* _Information shown_:
= Beginning of Section =
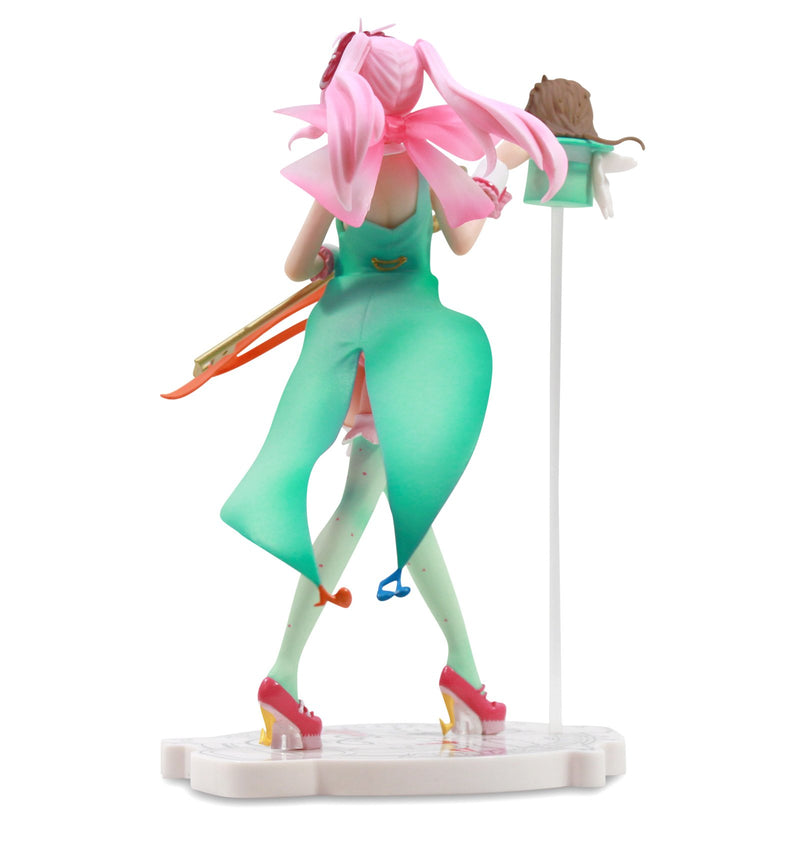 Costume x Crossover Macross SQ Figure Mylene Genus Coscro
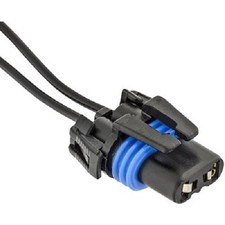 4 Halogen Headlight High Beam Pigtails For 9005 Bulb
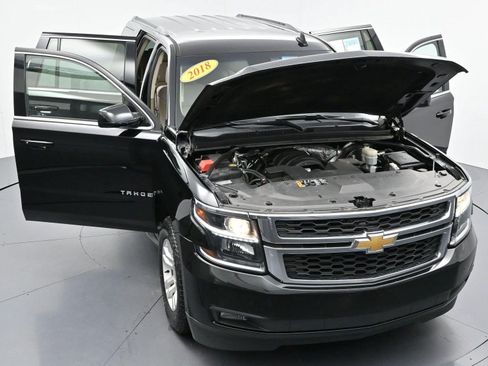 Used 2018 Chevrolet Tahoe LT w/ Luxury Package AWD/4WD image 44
= End of Section =
* _Task objective_: The required response consists solely of the lines from the line containing "4 Halogen Headlight" through the end of the listing, both ends included, copied exactly without pictures.

* _Answer for the task_:
 4 Halogen Headlight High Beam Pigtails For 9005 Bulb
 Used 2018 Chevrolet Tahoe LT w/ Luxury Package AWD/4WD image 44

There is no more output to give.